Java Arraylist Heap Implementation

Question

I am trying to implement an insert() method for an arraylist-based heap implementation, but whenever I test the method inserting more than one integer where at least one of them is greater than ~4 the program takes forever to run. For example, stating heap.insert(1) and heap.insert(8) together in the main function will take forever to run. Here is my heap class:

import java.util.*;


public class Heap<E extends Comparable<E>> implements HeapAPI<E>
{
    /**
     * A complete tree stored in an array list representing this
     * binary heap
     */
    private ArrayList<E> tree;

    /**
     * Constructs an empty heap
     */
    public Heap()
    {
        tree = new ArrayList<E>();
    }

    public boolean isEmpty()
    {
       return tree.isEmpty();
    }

    public void insert(E obj)
    {
        tree.add(tree.size(), obj);
        siftUp(tree.size() - 1);
    }

    /**
     * siftUp from position k. The key or node value at position
     * may be greater that that of its parent at k/2.
     * @param k position in the heap arraylist
     */
    private void siftUp(int k)
    {
        E v = tree.get(k);
        while (v.compareTo(tree.get(k / 2)) == 1)
        {
            tree.add(k, tree.get(k / 2));
            k = k / 2;
        }
        tree.add(k, v);
    }

    public int size()
    {
       return tree.size();
    }
}

This is the pseudocode given to us by my professor that I modeled the insert() and siftUp() methods from:

The program works for small integers, for example, if I type heap.insert(1) a bunch of times in a row, but never finishes running if I change one of the numbers to a larger integer. No errors are thrown, as it doesn't finish executing when I try to run the program. I'm not sure what's going on. Any help is appreciated.

Answer 1

Let's walk through your code here for a moment:

public void insert(E obj)
{
    tree.add(tree.size(), obj);
    siftUp(tree.size() - 1);
}

private void siftUp(int k)
{
    E v = tree.get(k);
    while (v.compareTo(tree.get(k / 2)) == 1)
    {
        tree.add(k, tree.get(k / 2));
        k = k / 2;
    }
    tree.add(k, v);
}

Now, you do the tree.insert(1), and everything works fine. Next you call tree.insert(0). Let's see what happens.

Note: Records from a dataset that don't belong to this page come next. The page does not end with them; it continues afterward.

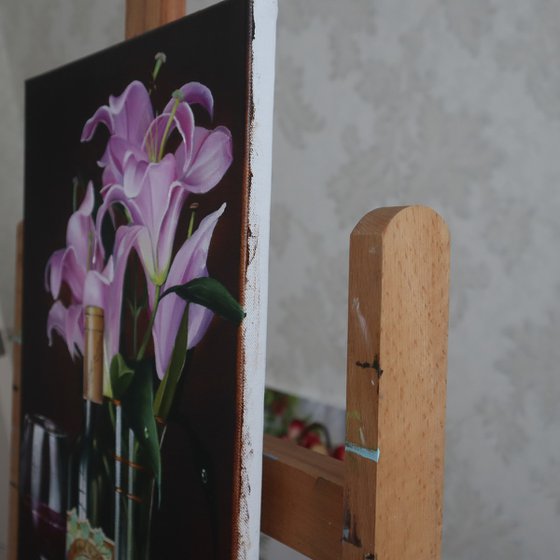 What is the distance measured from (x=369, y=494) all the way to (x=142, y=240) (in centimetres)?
34

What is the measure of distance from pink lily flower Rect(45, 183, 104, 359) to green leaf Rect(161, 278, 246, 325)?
178mm

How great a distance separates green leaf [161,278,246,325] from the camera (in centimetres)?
55

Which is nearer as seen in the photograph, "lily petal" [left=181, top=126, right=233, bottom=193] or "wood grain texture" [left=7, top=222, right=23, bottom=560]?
"lily petal" [left=181, top=126, right=233, bottom=193]

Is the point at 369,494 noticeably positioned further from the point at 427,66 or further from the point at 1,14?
the point at 1,14

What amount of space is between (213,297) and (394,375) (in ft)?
0.57

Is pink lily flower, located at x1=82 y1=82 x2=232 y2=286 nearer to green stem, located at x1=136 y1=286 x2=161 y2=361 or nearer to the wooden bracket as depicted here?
green stem, located at x1=136 y1=286 x2=161 y2=361

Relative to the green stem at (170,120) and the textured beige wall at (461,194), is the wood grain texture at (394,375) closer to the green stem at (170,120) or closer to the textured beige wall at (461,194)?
the green stem at (170,120)

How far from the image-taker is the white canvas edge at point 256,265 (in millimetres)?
537

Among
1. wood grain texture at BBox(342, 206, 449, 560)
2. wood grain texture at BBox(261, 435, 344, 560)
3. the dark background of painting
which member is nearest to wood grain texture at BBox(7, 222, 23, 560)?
the dark background of painting

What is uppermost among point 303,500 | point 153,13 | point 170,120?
point 153,13

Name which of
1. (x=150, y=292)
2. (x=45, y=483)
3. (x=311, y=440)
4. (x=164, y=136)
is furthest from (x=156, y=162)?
(x=311, y=440)

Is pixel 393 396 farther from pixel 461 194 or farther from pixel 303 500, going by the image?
pixel 461 194

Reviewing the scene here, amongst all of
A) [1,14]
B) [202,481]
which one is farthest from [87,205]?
[1,14]

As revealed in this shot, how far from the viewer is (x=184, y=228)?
23.8 inches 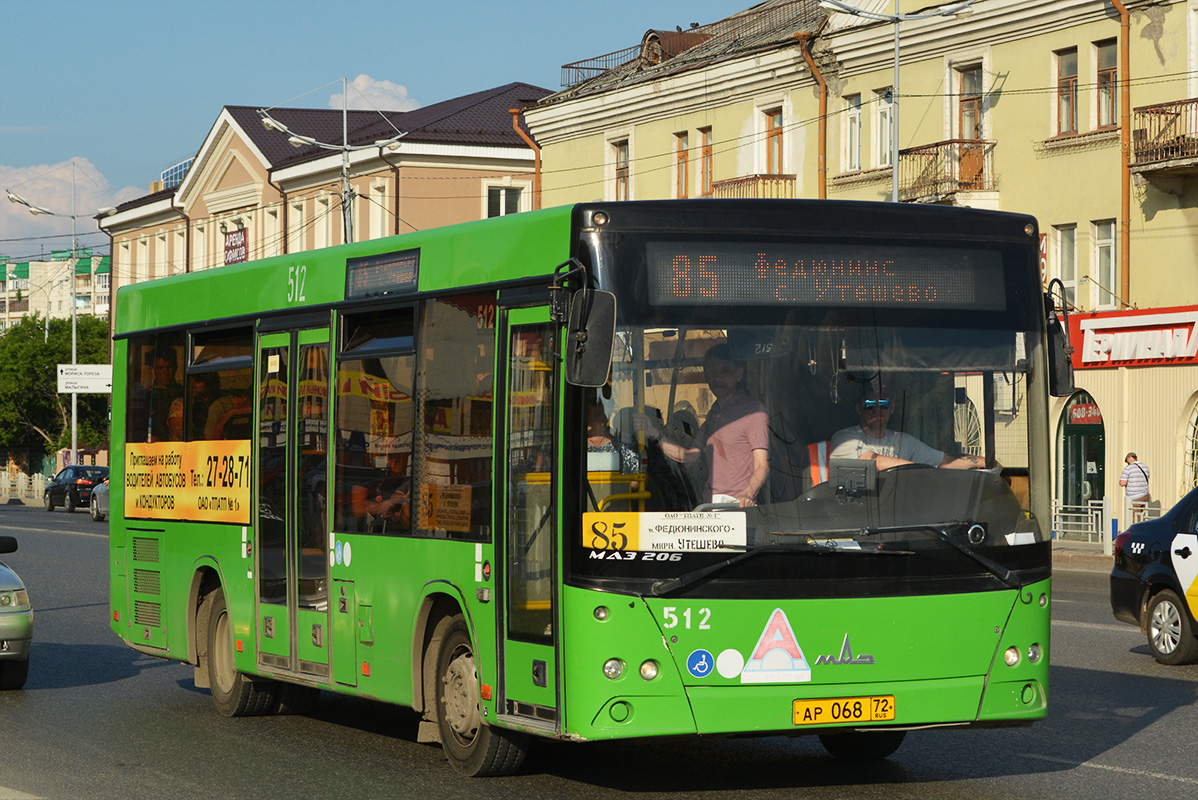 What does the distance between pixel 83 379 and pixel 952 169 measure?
4610 cm

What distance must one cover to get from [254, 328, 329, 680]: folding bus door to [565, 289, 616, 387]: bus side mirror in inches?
121

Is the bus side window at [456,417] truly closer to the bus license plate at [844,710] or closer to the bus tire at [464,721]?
the bus tire at [464,721]

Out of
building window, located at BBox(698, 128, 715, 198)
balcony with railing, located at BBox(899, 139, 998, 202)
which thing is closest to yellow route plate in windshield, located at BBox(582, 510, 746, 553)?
balcony with railing, located at BBox(899, 139, 998, 202)

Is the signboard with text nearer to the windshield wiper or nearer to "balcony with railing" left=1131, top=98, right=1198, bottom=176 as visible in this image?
"balcony with railing" left=1131, top=98, right=1198, bottom=176

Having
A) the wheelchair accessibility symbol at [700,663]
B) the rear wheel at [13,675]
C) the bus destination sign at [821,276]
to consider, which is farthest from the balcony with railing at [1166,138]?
the wheelchair accessibility symbol at [700,663]

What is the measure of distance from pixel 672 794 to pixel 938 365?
240 centimetres

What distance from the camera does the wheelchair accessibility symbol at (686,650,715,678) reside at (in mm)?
7816

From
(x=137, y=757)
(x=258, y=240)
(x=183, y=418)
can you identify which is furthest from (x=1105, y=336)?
(x=258, y=240)

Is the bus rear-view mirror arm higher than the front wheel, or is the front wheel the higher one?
the bus rear-view mirror arm

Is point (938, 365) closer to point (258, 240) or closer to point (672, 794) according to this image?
point (672, 794)

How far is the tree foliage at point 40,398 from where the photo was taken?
8762 cm

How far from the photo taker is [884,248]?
8297 millimetres

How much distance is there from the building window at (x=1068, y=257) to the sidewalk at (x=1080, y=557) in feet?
19.0

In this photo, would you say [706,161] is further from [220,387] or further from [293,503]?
[293,503] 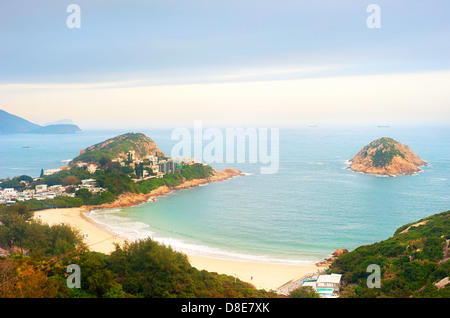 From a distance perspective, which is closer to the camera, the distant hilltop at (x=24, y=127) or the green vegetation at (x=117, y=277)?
the green vegetation at (x=117, y=277)

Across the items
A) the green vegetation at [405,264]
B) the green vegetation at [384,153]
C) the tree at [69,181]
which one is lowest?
the green vegetation at [405,264]

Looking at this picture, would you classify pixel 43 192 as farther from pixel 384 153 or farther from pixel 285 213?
pixel 384 153

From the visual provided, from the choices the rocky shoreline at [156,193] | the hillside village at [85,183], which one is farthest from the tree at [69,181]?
the rocky shoreline at [156,193]

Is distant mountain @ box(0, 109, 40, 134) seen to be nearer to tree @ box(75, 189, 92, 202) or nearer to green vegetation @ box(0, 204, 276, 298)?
tree @ box(75, 189, 92, 202)

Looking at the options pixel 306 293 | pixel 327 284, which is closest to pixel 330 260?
pixel 327 284

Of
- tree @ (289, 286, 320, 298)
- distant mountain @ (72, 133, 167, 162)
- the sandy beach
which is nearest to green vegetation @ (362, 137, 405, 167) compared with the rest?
distant mountain @ (72, 133, 167, 162)

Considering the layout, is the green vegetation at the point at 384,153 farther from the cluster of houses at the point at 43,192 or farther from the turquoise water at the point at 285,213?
the cluster of houses at the point at 43,192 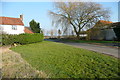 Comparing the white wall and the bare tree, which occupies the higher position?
the bare tree

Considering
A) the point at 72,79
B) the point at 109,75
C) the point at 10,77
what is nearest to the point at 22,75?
the point at 10,77

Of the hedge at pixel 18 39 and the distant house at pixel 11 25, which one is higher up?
the distant house at pixel 11 25

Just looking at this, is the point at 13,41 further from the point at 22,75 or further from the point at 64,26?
the point at 64,26

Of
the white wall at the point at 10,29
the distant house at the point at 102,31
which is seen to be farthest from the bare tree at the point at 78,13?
the white wall at the point at 10,29

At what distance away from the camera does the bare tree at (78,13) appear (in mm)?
20473

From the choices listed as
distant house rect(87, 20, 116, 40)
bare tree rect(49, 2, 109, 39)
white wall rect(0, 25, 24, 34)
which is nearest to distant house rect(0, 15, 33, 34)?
white wall rect(0, 25, 24, 34)

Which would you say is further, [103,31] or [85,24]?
[103,31]

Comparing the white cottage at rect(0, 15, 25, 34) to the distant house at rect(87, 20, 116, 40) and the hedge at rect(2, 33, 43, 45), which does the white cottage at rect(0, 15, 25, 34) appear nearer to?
the hedge at rect(2, 33, 43, 45)

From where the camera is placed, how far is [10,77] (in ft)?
11.6

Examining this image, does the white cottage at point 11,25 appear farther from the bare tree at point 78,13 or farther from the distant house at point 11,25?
the bare tree at point 78,13

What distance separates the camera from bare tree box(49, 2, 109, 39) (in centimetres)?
2047

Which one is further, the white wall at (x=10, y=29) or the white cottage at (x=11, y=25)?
the white cottage at (x=11, y=25)

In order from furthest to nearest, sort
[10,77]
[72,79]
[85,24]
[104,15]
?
[85,24] < [104,15] < [10,77] < [72,79]

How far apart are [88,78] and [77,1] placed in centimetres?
2179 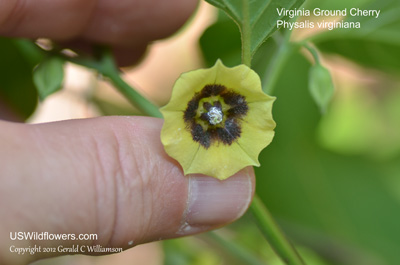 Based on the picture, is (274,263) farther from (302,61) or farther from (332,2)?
(332,2)

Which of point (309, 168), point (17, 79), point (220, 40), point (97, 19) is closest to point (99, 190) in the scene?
point (97, 19)

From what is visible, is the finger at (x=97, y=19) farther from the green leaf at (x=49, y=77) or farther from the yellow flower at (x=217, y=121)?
the yellow flower at (x=217, y=121)

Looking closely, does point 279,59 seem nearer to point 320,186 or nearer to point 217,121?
point 217,121

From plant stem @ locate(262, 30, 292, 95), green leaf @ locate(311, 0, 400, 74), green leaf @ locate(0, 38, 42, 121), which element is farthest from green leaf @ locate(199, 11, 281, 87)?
green leaf @ locate(0, 38, 42, 121)

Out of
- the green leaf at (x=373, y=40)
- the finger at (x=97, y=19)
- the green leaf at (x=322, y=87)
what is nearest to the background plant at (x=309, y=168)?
the green leaf at (x=373, y=40)

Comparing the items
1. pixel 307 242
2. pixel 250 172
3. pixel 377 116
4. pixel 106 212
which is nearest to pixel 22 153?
pixel 106 212

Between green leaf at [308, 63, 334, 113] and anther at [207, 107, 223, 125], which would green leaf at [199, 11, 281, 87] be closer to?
green leaf at [308, 63, 334, 113] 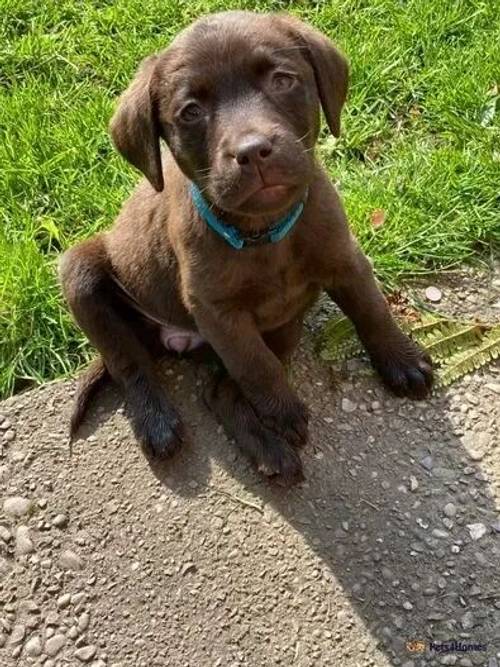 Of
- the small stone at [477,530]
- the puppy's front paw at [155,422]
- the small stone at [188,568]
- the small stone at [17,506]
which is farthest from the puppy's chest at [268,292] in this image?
the small stone at [17,506]

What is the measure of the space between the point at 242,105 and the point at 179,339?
1.25 m

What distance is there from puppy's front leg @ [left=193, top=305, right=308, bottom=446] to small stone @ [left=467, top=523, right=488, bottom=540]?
25.2 inches

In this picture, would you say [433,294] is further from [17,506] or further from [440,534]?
[17,506]

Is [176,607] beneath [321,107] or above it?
beneath

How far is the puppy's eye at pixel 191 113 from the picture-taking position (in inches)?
123

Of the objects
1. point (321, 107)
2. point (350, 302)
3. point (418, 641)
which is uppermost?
point (321, 107)

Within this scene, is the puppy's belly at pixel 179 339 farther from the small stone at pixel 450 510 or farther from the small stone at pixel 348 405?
the small stone at pixel 450 510

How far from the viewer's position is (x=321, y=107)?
3.32 m

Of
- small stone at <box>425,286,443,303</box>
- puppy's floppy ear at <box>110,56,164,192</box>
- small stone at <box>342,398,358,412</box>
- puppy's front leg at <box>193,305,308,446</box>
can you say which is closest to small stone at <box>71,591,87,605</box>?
puppy's front leg at <box>193,305,308,446</box>

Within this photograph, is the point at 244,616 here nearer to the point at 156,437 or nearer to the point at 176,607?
the point at 176,607

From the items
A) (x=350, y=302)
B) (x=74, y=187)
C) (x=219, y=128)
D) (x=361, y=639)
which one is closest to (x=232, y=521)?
(x=361, y=639)

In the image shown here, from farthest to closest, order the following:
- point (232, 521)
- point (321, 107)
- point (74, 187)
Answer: point (74, 187) < point (232, 521) < point (321, 107)

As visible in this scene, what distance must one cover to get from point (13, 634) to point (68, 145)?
8.00 ft

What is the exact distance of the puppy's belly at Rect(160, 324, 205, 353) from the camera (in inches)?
156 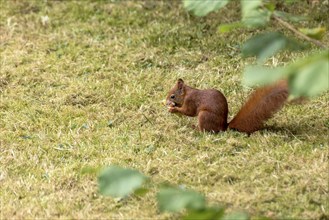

• tree.add(tree.size(), obj) adds 0 as the next item in the array list. So you now have a list that contains [1, 0]
• the code calls siftUp(1)
• in siftUp, the first line gets element 1 from the array list. At this point, v = 1
• at the while statement, the code compares the value, 1, to the value at tree[k/2]. Since k == 1, you're checking against the root node (i.e. tree[0]), which we know is equal to 1.
• Because the new value is smaller than its parent, you copy the parent value to the new item's position. At this point, your array list contains [1, 1].
• You divide your index, k, by 2, giving 0.
• Now you're back to the while condition. k is equal to 0 and the value at tree[k] is 1, meaning that it's still greater than the value of v.
• You're now in an infinite loop, continually comparing the value at index 0 with your temporary value.

The problem is that your loop has no definite ending condition.

One way to solve the problem is to end the loop if k == 0.

private void siftUp(int k)
{
    E v = tree.get(k);
    while (k > 0 && v.compareTo(tree.get(k / 2)) == 1)
    {
        tree.add(k, tree.get(k / 2));
        k = k / 2;
    }
    tree.add(k, v);
}

The next trouble you're going to have is that your calculation of the parent node is incorrect. If the root node of the heap is at index 0, then for a node at index ix, its left child is at (ix*2)+1, and the right child is at (ix*2)+2. The node's parent is at (ix-1)/2.

Consider the heap with three nodes:

        0
      1   2

Here the node numbers are the same as the array indexes.

If the root is at index 0, then the left node is at (2 * 0) + 1. The right node is at (2 * 0) + 2. The parent of 1 is (1-1)/2. And the parent of 2 is (2-1)/2. In your code, you parent calculation is k/2, which would give an incorrect value of 1 for the node labeled 2 in the heap above.